Automated design of thermally stable heteroleptic precursors by computational screening
Dr. Simon Elliott
Director of Atomic Level Process Simulation – Schrödinger Inc.
Ligand choice in ALD/CVD precursors is crucial for throughput, stoichiometry, impurities and process temperature. Heteroleptic precursors (containing more than one type of ligand) are one way to compromise between conflicting chemical requirements. However to date we have barely ‘scratched the surface’ of the vast chemical space of possible heteroleptic precursors. As an example to illustrate the magnitude of the design problem, 8,855 chemically-distinct complexes can be formed by combining four of 20 ligands around a tetravalent metal center. Clearly, an exhaustive experimental analysis is not possible. Instead we look to computational screening to narrow down the search to the most promising options. Here we present a computational approach for screening metal precursors with respect to thermal stability. The computational strategy is illustrated on the example of Zr precursors for zirconium nitride, used as a hard coating to protect industrial parts in corrosive environments.

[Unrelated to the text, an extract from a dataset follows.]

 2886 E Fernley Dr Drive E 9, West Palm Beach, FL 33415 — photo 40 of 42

CVD precursors should decompose unimolecularly at elevated temperature in the reactor and we therefore seek complexes with moderately low energies for homolytic bond dissociation (i.e. into a pair of radical fragments). ALD on the other hand requires the gas-phase stability of precursors to be as high as possible, as this dictates the upper temperature limit for ALD.

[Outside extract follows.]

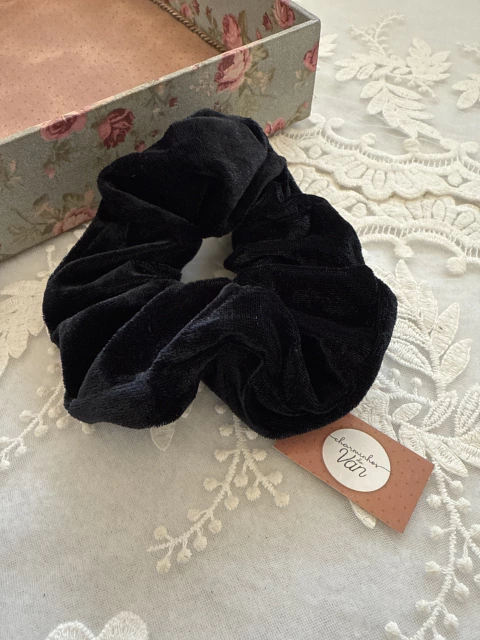 Scrunchie Fru-Fru Veludo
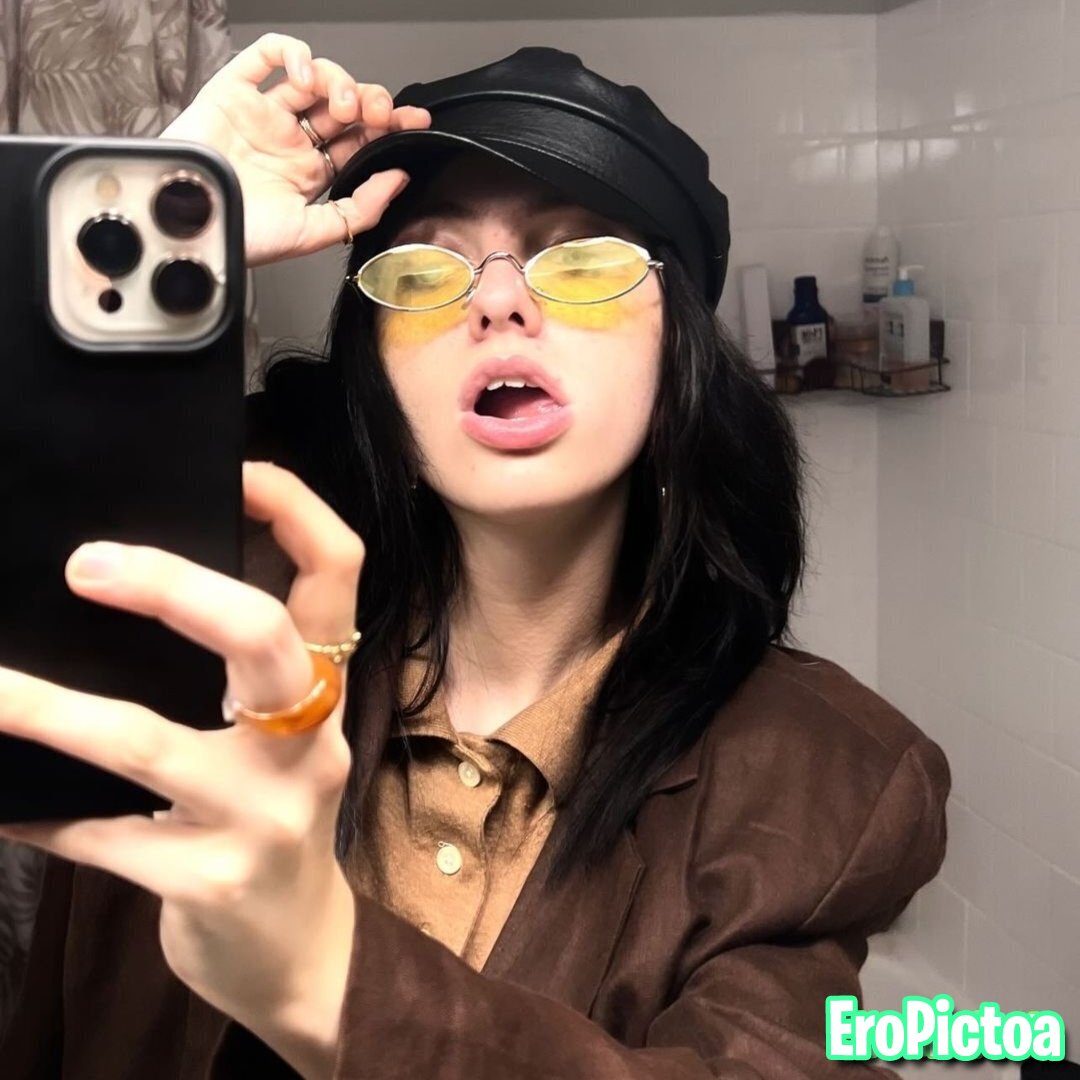 Billie Eilish photo featuring big breasts - Part 43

We first enumerate over ligands. Even a small ligand library of just six O-free, N-bearing ligands (amines, amidinates, cyano and guanidinate, with various alkyl groups) gives 6^4=1296 possible complexes, but many are symmetrically equivalent or over-coordinated, leaving 81 for optimization with density functional theory (DFT). To study thermal stability requires a second phase of enumeration, over the 1280 different bonds that can be broken in these complexes, yielding a set of radical fragments that are also computed at the DFT level. It is clear that every step in this computational workflow requires robust and efficient automation.
DFT reveals that the lowest bond dissociation energies are obtained for cleaving intact ligands from the metal. The least thermally stable complexes are found to be zirconium amides with bidentate amidinates/guanidinates, and so we predict that these would be the best CVD precursors. We observe very little steric effect when replacing methyl groups with ethyl groups. By contrast, cyano groups have a stabilizing influence, suggesting that similar electron-withdrawing groups would be useful as spectator ligands in heteroleptic precursors for ALD. On the basis of this sample system, we discuss the general requirements for chemical enumeration software and the limits faced by automation.